Brief descriptive captions
******************************

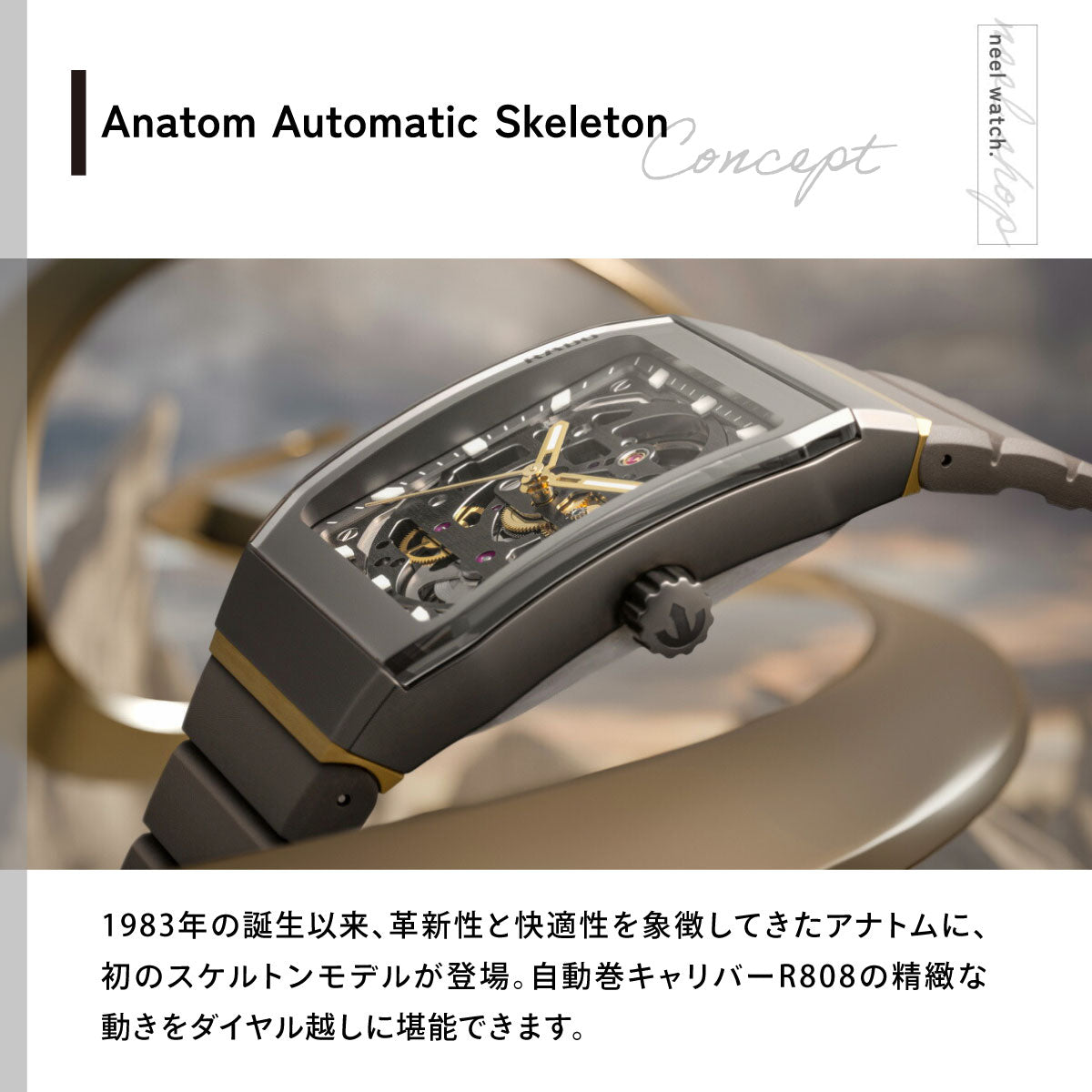 ラドー RADO アナトム オートマティック スケルトン Anatom Automatic Skeleton 腕時計 メンズ レディース 自動巻き R10206109【60回分割手数料無料！】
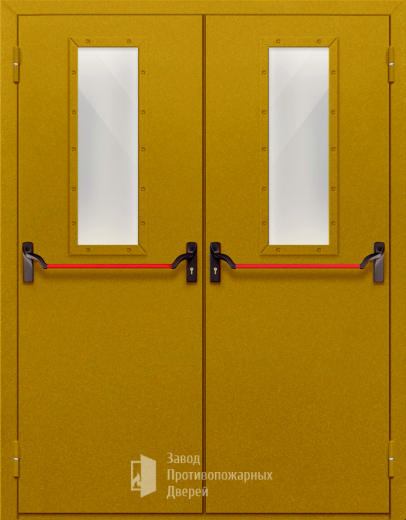 Фото двери «Двупольная со стеклом и антипаникой №65» в Старой Купавне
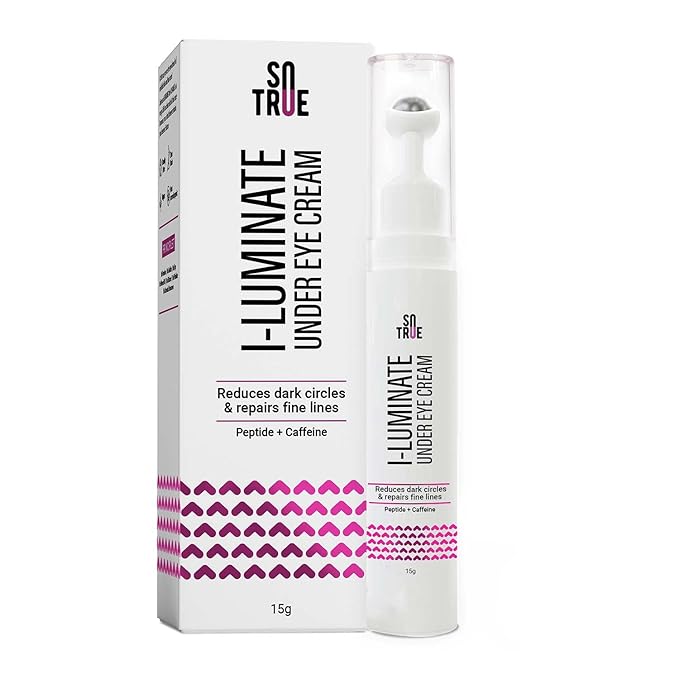 SOTRUE I-Luminate Under Eye Cream For Dark Circles For Women | For Puffy Eyes & Fine Lines, 15G | Enriched With Aloe Vera, Jojoba Seed & Vitamin E | Suitable For All Skin Types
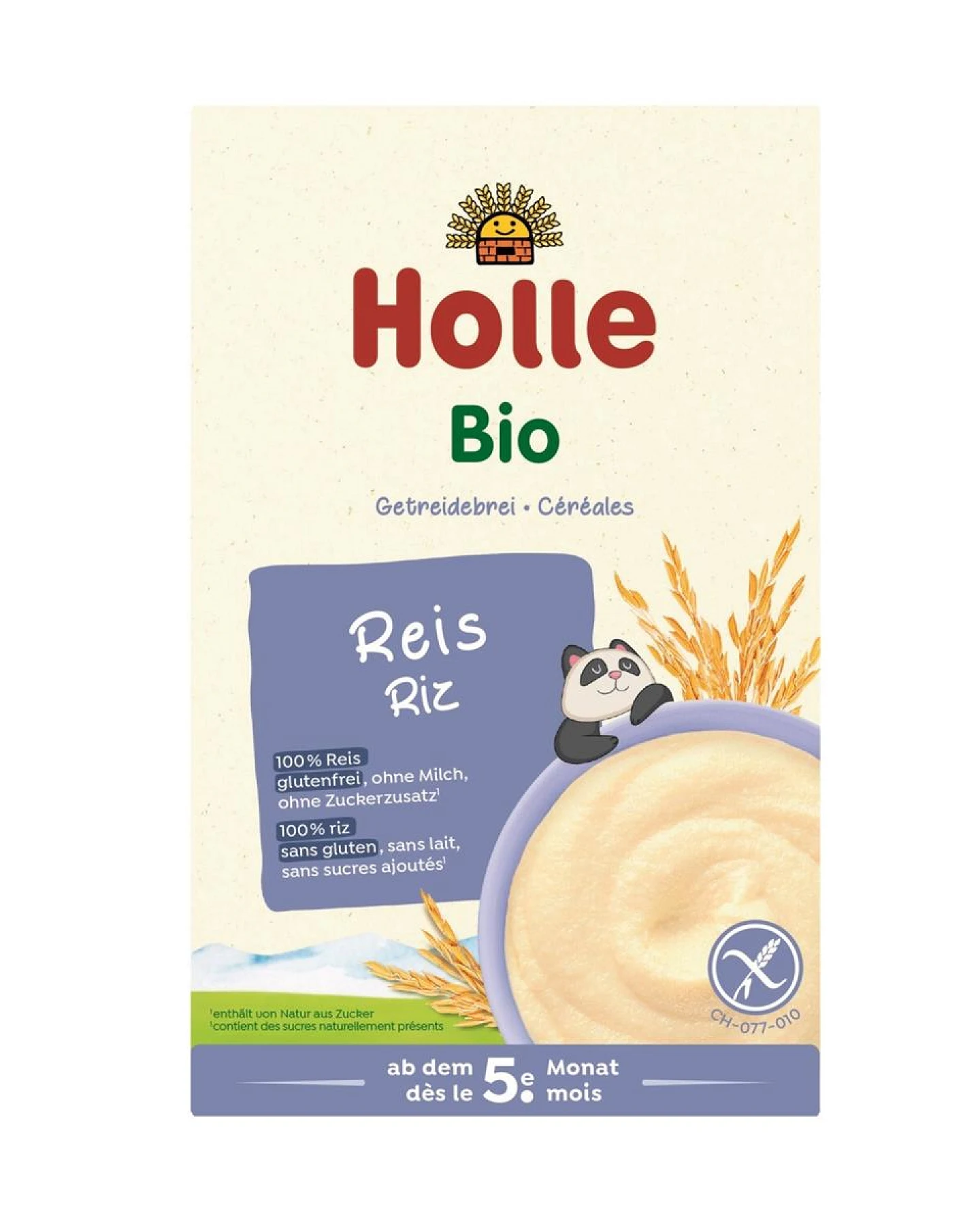 Holle Bio-Babybrei Reisflocken (glutenfrei) 250 g – Ansicht 2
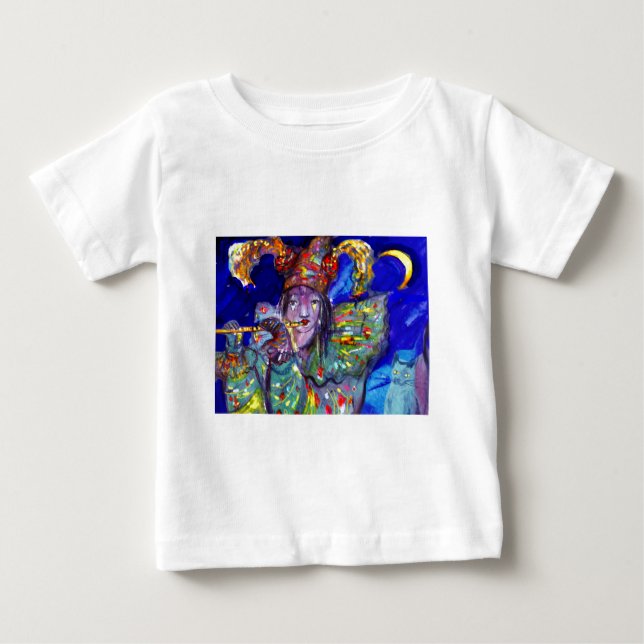 FLUTIST IN BLUE / Venetian Carnival Night Baby T-Shirt (Front)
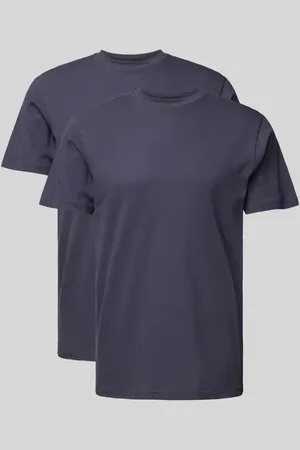 Ragman T-Shirt mit geripptem Rundhalsausschnitt in , Größe S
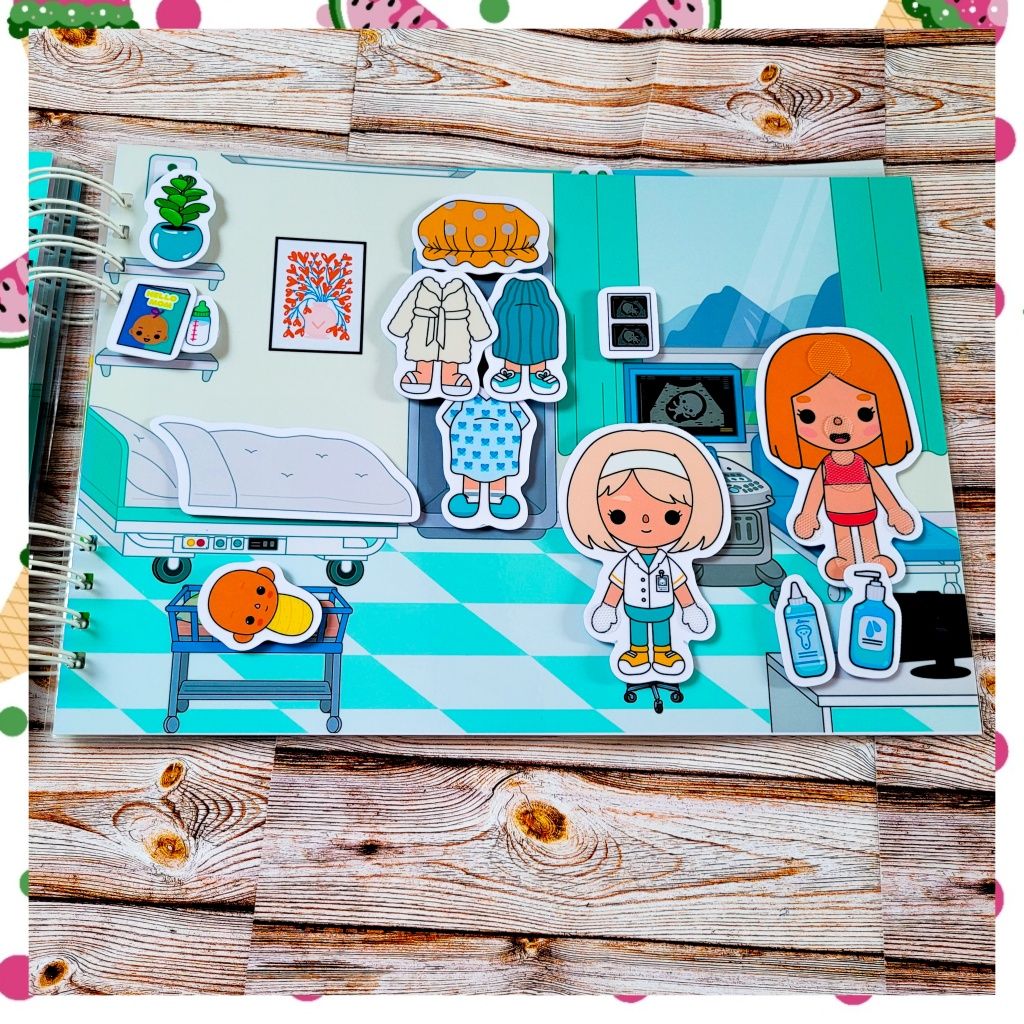 Książka na rzepy Labubu. Toca Boca. Toka Boka. Avatar. Lamibook.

******************************

• Aim of the task
The entries above, without their pictures, should be written out exactly.

• Exercise solution
 ラドー RADO アナトム オートマティック スケルトン Anatom Automatic Skeleton 腕時計 メンズ レディース 自動巻き R10206109【60回分割手数料無料！】
 Фото двери «Двупольная со стеклом и антипаникой №65» в Старой Купавне
 SOTRUE I-Luminate Under Eye Cream For Dark Circles For Women | For Puffy Eyes & Fine Lines, 15G | Enriched With Aloe Vera, Jojoba Seed & Vitamin E | Suitable For All Skin Types
 Holle Bio-Babybrei Reisflocken (glutenfrei) 250 g – Ansicht 2
 FLUTIST IN BLUE / Venetian Carnival Night Baby T-Shirt (Front)
 Ragman T-Shirt mit geripptem Rundhalsausschnitt in , Größe S
 Książka na rzepy Labubu. Toca Boca. Toka Boka. Avatar. Lamibook.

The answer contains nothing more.